The quiet winding up of the Stalin cult is already having repercussions in the ranks of world communism, even though Stalinist leaders outside Russia were at first comically slow in realizing what was happening in Moscow.
The crumbling of Stalinist orthodoxy is sure to be followed by an intense ferment of ideas which may eventually transform the outlook of Communist Parties everywhere. Much depends on the extent to which the Soviet Communist Party evolves in a new direction. If the barrack-square discipline of Stalinism gives place to a freer regime, genuine and public controversy may be expected to develop in the ranks of the Russian party. It will then be impossible for most foreign Communist Parties to maintain their ‘monolithic’ character. Once they begin to discuss frankly their own policies, they may abandon the puppet-like attitude towards Russia which was their chief characteristic throughout the Stalin era. They may regain a certain independence of outlook and a measure of autonomy which would free them from the encumbrances of the past and greatly enhance their appeal.

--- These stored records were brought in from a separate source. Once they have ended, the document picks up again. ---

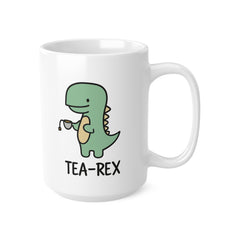 Tea-Rex Dinosaur Mug – Funny Dinosaur Mug for Tea Lovers, T-Rex Gift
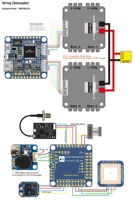 Controlador de Vuelo MATEKSYS H7A3-SLIM STM32H7A3 con Doble BEC, Blackbox de 128MB, CAN Bus, AT7456E OSD para Drones FPV y Aviones RC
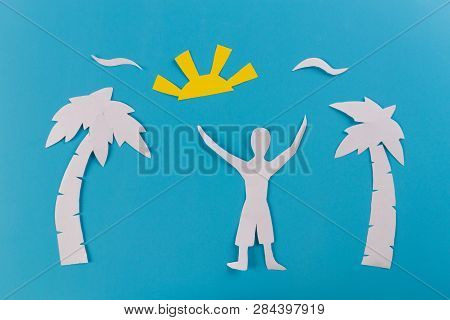 Freedom And Creativity, Manon The Beach. Paper Cut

Should, however, the era of reform come to a premature end in Russia then this process would be cut short in the foreign communist movements too; although even then those parties would have to search for an ideological substitute for Stalinism. In any case world communism finds itself at an historic crossroad.
Whatever evolutionary stages lie ahead, the link between world communism and Russia is not likely to be broken. The communist devotion to Russia as the pioneer and mainstay of the whole movement, may change its character. It may free itself from the taint of subservience and become more spontaneous and dignified than it has been hitherto.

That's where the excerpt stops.